‘Not always, not always,’ Hans replies, in a voice that sounds heavy and sad.
Malin nods to him, to indicate that she knows that he means. But do I? she wonders.
Who is she? Malin thinks, opening the door to the hospital room. Zeke is waiting outside.
A single bed against a wall, thin strips of light filtering through Venetian blinds and spreading across the grey- brown floor. A monitor is bleeping quietly, and two little red points of light on its screen shine like a pair of badger’s eyes in the gloom. Drip-stands with blood-bags and fluids, a catheter-bag, and then the figure on the bed under thin yellow blankets, her head reclining on a pillow.
Who is it?
The cheek facing Malin is covered with a bandage.
But who is it?
Malin approaches cautiously and the figure on the bed groans, turns her head towards her, and isn’t that something like a smile between the gaps in the bandages?
Hands wrapped in gauze.
The eyes.
I recognise them.
But who is it?
The smile is gone and the nose and eyes and hair become a memory.
Rebecka Stenlundh.
Bengt Andersson’s sister.
She raises her bandaged hand towards Malin, beckoning her to the bed.
Then a huge effort, all the words to get out at once, a whole sentence to finish, as if it were her last.
‘You have to take care of my boy if I don’t make it.
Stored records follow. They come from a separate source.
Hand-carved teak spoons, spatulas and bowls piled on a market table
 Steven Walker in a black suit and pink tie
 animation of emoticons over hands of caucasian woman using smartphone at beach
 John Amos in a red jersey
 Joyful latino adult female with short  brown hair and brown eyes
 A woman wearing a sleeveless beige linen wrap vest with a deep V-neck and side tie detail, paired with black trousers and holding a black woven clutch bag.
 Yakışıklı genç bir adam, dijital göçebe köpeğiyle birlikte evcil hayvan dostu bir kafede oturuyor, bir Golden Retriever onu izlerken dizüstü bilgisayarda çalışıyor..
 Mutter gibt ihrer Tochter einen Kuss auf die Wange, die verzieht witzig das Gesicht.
See that he ends up somewhere good.’
‘You’re going to make it.’
‘I’m trying, believe me.’
‘What happened? Can you bear to tell me what happened?’
‘The car.’
‘The car?’
‘That’s where I was taken.’
Rebecka Stenlundh turns her head, laying her bandaged cheek on the pillow.
‘Then a hole. In the forest, and a post.’
‘A hole, where?’
‘In the dark.’
‘Where in the dark?’
Rebecka shuts her eyes in a negative, in a: ‘I have no idea.’
‘And then?’
‘Sledge, and car again.’
‘Who?’
Rebecka Stenlundh shakes her head slowly.
‘You didn’t see?’
She shakes her head again. ‘I was going to be hanged, like Bengt.’
‘Was there more than one?’
Rebecka shakes her head once more. ‘Don’t know, couldn’t see properly.’
‘And the man who brought you in?’
‘He helped me.’
‘So you didn’t see…’
‘I struck the blackness, I struck the blackness, I…’
Rebecka drifts off, shuts her eyes, mumbles, ‘Mum, Mum. Can we go and play under the apple trees?’
Malin puts her ear close to Rebecka’s mouth. ‘What did you say?’
‘Stay, Mum, stay, you’re not ill…’
‘Can you hear me?’
‘My boy, take…’
Rebecka falls silent, but she’s breathing, her chest is moving; she’s sleeping, or is unconscious, and Malin wonders if she’s dreaming, hopes that Rebecka can escape dreaming for many nights to come, but knows that she’s going to dream.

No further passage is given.